- [EXERCISE DIRECTIONS]: From the line bearing "Évian-les-Bains - La Gare" down to the final line of the records below, give every line again exactly and add nothing.

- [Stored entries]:
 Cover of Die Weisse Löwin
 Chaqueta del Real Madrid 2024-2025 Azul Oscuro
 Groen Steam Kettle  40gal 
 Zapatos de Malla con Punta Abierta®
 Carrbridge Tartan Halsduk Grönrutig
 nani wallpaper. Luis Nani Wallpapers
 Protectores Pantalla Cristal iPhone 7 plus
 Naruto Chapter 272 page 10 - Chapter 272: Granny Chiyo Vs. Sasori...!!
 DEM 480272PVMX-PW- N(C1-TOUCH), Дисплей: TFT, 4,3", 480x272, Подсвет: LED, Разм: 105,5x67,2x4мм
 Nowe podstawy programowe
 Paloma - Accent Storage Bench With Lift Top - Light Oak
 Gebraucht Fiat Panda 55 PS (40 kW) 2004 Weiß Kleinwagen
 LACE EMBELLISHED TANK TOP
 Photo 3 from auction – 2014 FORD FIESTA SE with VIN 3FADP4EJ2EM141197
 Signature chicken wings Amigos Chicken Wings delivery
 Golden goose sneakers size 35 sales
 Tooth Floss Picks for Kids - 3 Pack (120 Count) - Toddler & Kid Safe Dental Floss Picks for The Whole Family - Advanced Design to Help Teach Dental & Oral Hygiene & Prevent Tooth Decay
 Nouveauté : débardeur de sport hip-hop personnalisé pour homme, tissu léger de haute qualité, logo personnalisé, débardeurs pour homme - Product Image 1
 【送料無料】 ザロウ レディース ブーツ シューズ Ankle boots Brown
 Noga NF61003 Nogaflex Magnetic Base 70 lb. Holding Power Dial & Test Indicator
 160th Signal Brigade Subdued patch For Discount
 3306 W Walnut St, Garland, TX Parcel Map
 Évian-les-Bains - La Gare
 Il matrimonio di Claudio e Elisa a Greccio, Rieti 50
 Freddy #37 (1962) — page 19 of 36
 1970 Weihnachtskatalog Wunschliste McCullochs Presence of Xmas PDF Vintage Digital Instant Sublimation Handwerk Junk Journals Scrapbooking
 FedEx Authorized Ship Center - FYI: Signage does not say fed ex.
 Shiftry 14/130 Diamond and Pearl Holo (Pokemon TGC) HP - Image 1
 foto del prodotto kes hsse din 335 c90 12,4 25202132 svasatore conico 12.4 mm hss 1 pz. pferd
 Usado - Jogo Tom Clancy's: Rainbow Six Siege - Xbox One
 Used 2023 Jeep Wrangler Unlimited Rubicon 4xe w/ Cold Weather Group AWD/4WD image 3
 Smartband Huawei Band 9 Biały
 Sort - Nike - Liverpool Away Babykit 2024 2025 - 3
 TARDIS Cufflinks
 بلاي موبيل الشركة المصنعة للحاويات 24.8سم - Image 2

- [THE ANSWER]:
 Évian-les-Bains - La Gare
 Il matrimonio di Claudio e Elisa a Greccio, Rieti 50
 Freddy #37 (1962) — page 19 of 36
 1970 Weihnachtskatalog Wunschliste McCullochs Presence of Xmas PDF Vintage Digital Instant Sublimation Handwerk Junk Journals Scrapbooking
 FedEx Authorized Ship Center - FYI: Signage does not say fed ex.
 Shiftry 14/130 Diamond and Pearl Holo (Pokemon TGC) HP - Image 1
 foto del prodotto kes hsse din 335 c90 12,4 25202132 svasatore conico 12.4 mm hss 1 pz. pferd
 Usado - Jogo Tom Clancy's: Rainbow Six Siege - Xbox One
 Used 2023 Jeep Wrangler Unlimited Rubicon 4xe w/ Cold Weather Group AWD/4WD image 3
 Smartband Huawei Band 9 Biały
 Sort - Nike - Liverpool Away Babykit 2024 2025 - 3
 TARDIS Cufflinks
 بلاي موبيل الشركة المصنعة للحاويات 24.8سم - Image 2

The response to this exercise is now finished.